• _EXERCISE_
Repeat the entries that appear below, exactly and in full.

* * * * * * * * *

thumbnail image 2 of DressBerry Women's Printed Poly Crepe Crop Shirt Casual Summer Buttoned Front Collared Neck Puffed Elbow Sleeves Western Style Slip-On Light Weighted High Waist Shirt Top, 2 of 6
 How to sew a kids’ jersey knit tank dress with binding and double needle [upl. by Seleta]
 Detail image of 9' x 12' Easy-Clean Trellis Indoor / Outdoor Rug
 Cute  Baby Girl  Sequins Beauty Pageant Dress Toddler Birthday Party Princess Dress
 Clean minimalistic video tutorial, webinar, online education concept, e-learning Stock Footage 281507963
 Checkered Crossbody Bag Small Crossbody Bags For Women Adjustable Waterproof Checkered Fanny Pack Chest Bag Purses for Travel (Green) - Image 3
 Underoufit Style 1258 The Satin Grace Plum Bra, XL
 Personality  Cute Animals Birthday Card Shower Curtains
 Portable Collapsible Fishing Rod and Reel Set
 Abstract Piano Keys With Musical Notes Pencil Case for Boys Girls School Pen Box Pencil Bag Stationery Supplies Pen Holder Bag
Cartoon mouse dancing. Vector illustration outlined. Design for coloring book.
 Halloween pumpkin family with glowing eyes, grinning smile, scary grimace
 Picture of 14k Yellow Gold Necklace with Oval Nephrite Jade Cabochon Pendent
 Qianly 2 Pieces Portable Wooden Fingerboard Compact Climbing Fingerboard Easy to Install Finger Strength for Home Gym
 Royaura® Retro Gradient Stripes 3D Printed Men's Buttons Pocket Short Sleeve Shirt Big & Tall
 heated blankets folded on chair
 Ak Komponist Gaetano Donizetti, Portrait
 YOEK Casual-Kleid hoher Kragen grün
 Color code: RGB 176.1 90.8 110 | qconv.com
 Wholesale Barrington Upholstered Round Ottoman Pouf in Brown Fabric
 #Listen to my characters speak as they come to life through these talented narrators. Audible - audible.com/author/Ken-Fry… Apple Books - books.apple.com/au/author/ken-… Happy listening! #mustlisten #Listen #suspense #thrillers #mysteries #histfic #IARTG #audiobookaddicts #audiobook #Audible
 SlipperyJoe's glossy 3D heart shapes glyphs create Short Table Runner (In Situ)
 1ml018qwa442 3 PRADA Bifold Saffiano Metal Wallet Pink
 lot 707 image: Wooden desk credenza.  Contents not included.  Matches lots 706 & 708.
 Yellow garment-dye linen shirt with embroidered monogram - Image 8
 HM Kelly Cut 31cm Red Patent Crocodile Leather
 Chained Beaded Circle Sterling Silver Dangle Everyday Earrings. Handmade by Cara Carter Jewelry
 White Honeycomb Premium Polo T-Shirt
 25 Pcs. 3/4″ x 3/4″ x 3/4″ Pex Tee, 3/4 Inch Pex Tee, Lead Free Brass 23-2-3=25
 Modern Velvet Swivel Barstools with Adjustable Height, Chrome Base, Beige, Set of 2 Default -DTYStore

* * * * * * * * *

• _EXERCISE RESULT_
thumbnail image 2 of DressBerry Women's Printed Poly Crepe Crop Shirt Casual Summer Buttoned Front Collared Neck Puffed Elbow Sleeves Western Style Slip-On Light Weighted High Waist Shirt Top, 2 of 6
 How to sew a kids’ jersey knit tank dress with binding and double needle [upl. by Seleta]
 Detail image of 9' x 12' Easy-Clean Trellis Indoor / Outdoor Rug
 Cute  Baby Girl  Sequins Beauty Pageant Dress Toddler Birthday Party Princess Dress
 Clean minimalistic video tutorial, webinar, online education concept, e-learning Stock Footage 281507963
 Checkered Crossbody Bag Small Crossbody Bags For Women Adjustable Waterproof Checkered Fanny Pack Chest Bag Purses for Travel (Green) - Image 3
 Underoufit Style 1258 The Satin Grace Plum Bra, XL
 Personality  Cute Animals Birthday Card Shower Curtains
 Portable Collapsible Fishing Rod and Reel Set
 Abstract Piano Keys With Musical Notes Pencil Case for Boys Girls School Pen Box Pencil Bag Stationery Supplies Pen Holder Bag
Cartoon mouse dancing. Vector illustration outlined. Design for coloring book.
 Halloween pumpkin family with glowing eyes, grinning smile, scary grimace
 Picture of 14k Yellow Gold Necklace with Oval Nephrite Jade Cabochon Pendent
 Qianly 2 Pieces Portable Wooden Fingerboard Compact Climbing Fingerboard Easy to Install Finger Strength for Home Gym
 Royaura® Retro Gradient Stripes 3D Printed Men's Buttons Pocket Short Sleeve Shirt Big & Tall
 heated blankets folded on chair
 Ak Komponist Gaetano Donizetti, Portrait
 YOEK Casual-Kleid hoher Kragen grün
 Color code: RGB 176.1 90.8 110 | qconv.com
 Wholesale Barrington Upholstered Round Ottoman Pouf in Brown Fabric
 #Listen to my characters speak as they come to life through these talented narrators. Audible - audible.com/author/Ken-Fry… Apple Books - books.apple.com/au/author/ken-… Happy listening! #mustlisten #Listen #suspense #thrillers #mysteries #histfic #IARTG #audiobookaddicts #audiobook #Audible
 SlipperyJoe's glossy 3D heart shapes glyphs create Short Table Runner (In Situ)
 1ml018qwa442 3 PRADA Bifold Saffiano Metal Wallet Pink
 lot 707 image: Wooden desk credenza.  Contents not included.  Matches lots 706 & 708.
 Yellow garment-dye linen shirt with embroidered monogram - Image 8
 HM Kelly Cut 31cm Red Patent Crocodile Leather
 Chained Beaded Circle Sterling Silver Dangle Everyday Earrings. Handmade by Cara Carter Jewelry
 White Honeycomb Premium Polo T-Shirt
 25 Pcs. 3/4″ x 3/4″ x 3/4″ Pex Tee, 3/4 Inch Pex Tee, Lead Free Brass 23-2-3=25
 Modern Velvet Swivel Barstools with Adjustable Height, Chrome Base, Beige, Set of 2 Default -DTYStore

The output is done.